WHAT YOU SHOULD DO:
Make an exact copy of the whole listing, but leave its pictures out.

DATA section start

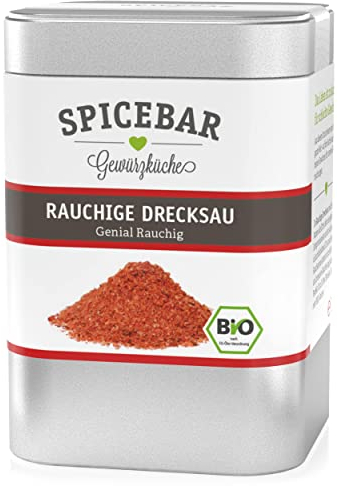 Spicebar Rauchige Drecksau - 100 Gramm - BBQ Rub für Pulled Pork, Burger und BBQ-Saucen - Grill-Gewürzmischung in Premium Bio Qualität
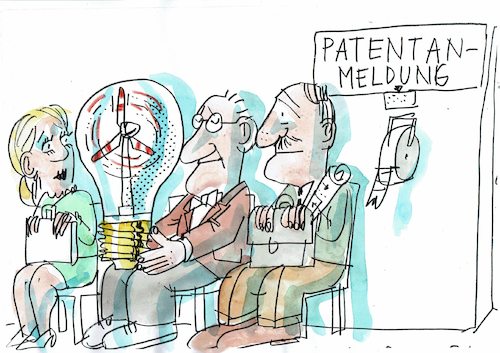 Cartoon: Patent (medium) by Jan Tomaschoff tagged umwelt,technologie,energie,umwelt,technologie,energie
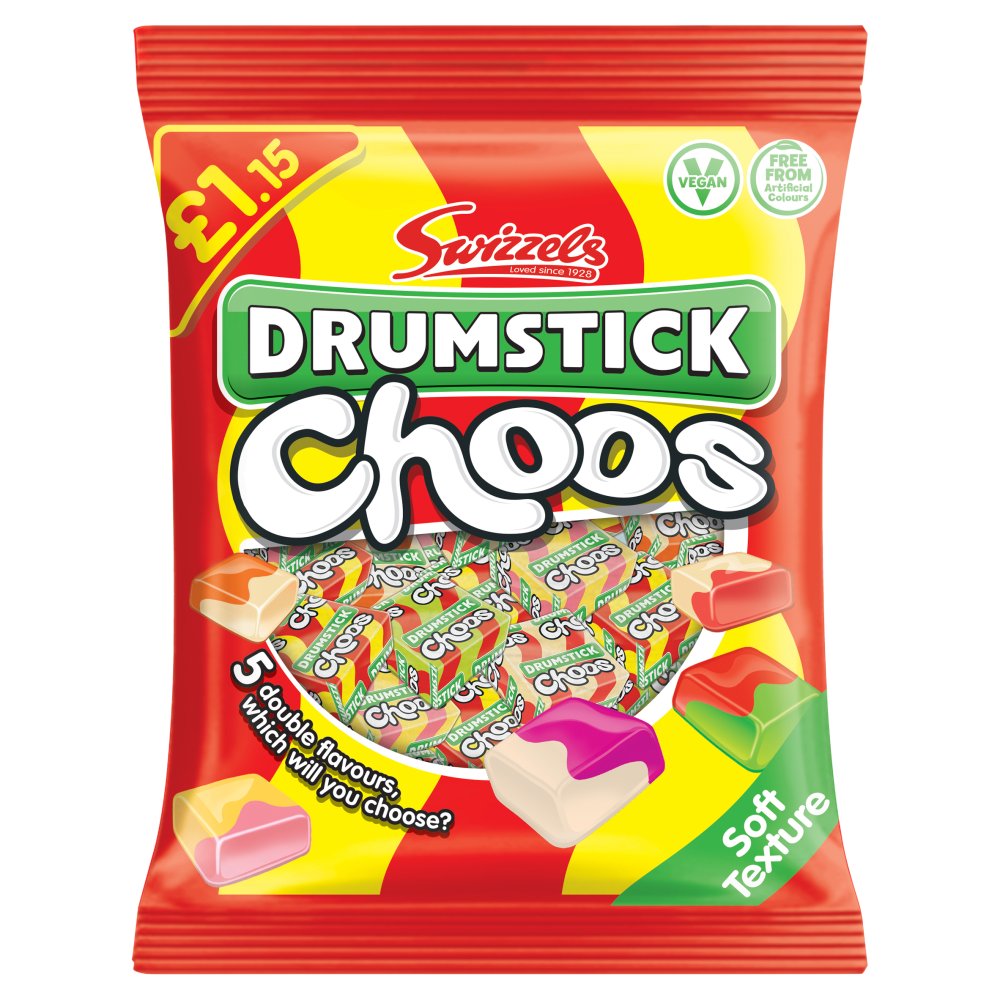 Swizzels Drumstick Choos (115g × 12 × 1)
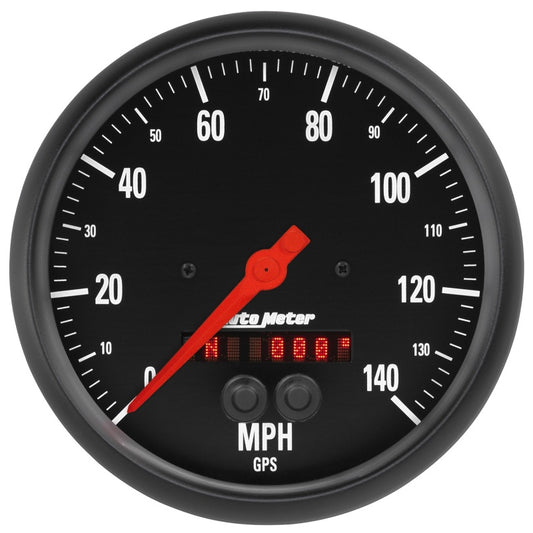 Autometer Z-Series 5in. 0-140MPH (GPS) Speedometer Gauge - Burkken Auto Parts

DATA section end

SOLUTION TO THIS EXERCISE:
 Spicebar Rauchige Drecksau - 100 Gramm - BBQ Rub für Pulled Pork, Burger und BBQ-Saucen - Grill-Gewürzmischung in Premium Bio Qualität
 Cartoon: Patent (medium) by Jan Tomaschoff tagged umwelt,technologie,energie,umwelt,technologie,energie
 Swizzels Drumstick Choos (115g × 12 × 1)
 Autometer Z-Series 5in. 0-140MPH (GPS) Speedometer Gauge - Burkken Auto Parts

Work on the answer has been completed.